[Opening SUPPLIED DATA section]

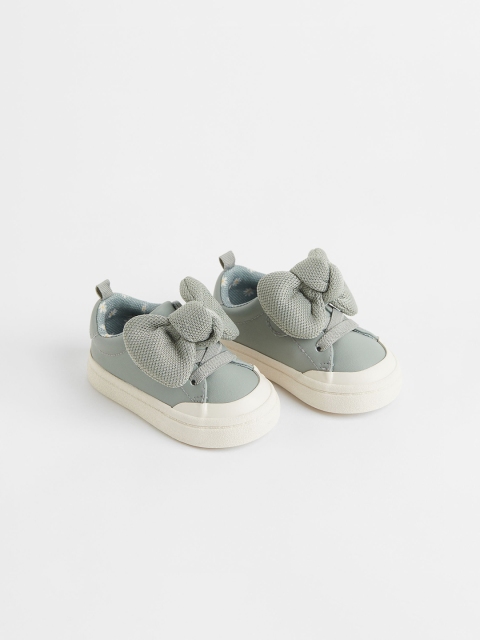 

H&M Girls Green Solid Bow-Detail Trainers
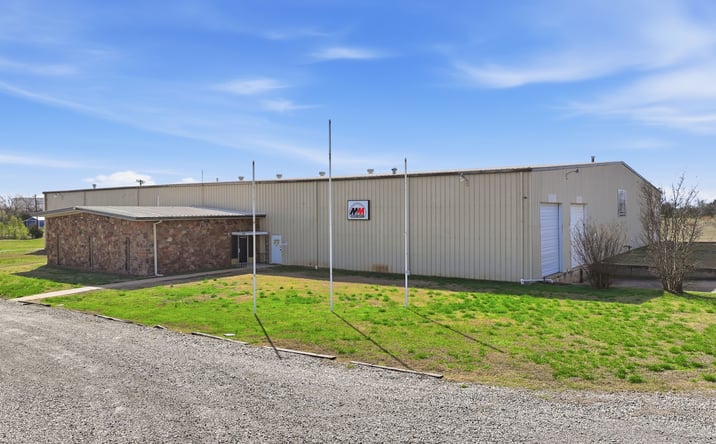 Pictures of Industrial property located at 500 19th St, Cushing, OK 74023 for lease - image #1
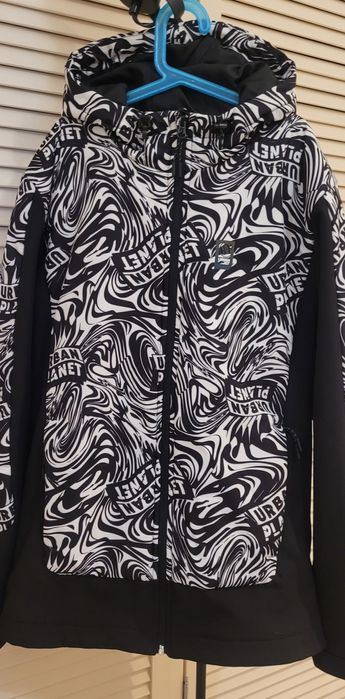 Демісезонна куртка софтшел з мембраною на флісі  - "Urban Planet" S ро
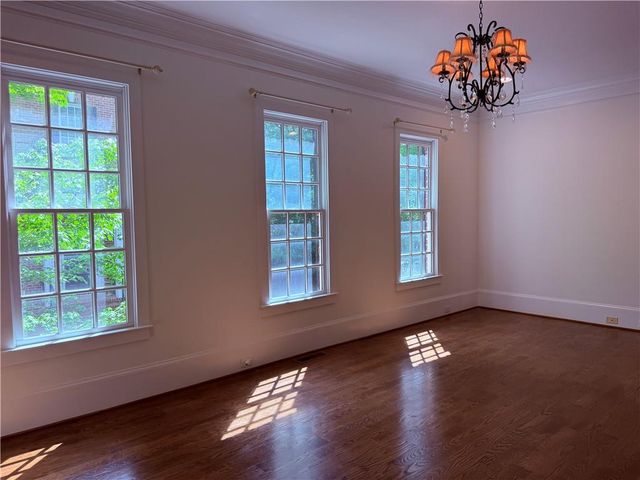2617 Canterbury Trail NE, Atlanta, GA 30324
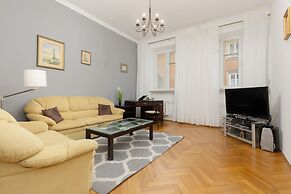 Apartment Near Royal Castle by Renters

[Closing SUPPLIED DATA section]

### PROBLEM TO WORK ON
Would you print all of the entries exactly, omitting any image?

### EXERCISE ANSWER
H&M Girls Green Solid Bow-Detail Trainers
 Pictures of Industrial property located at 500 19th St, Cushing, OK 74023 for lease - image #1
 Демісезонна куртка софтшел з мембраною на флісі  - "Urban Planet" S ро
2617 Canterbury Trail NE, Atlanta, GA 30324
 Apartment Near Royal Castle by Renters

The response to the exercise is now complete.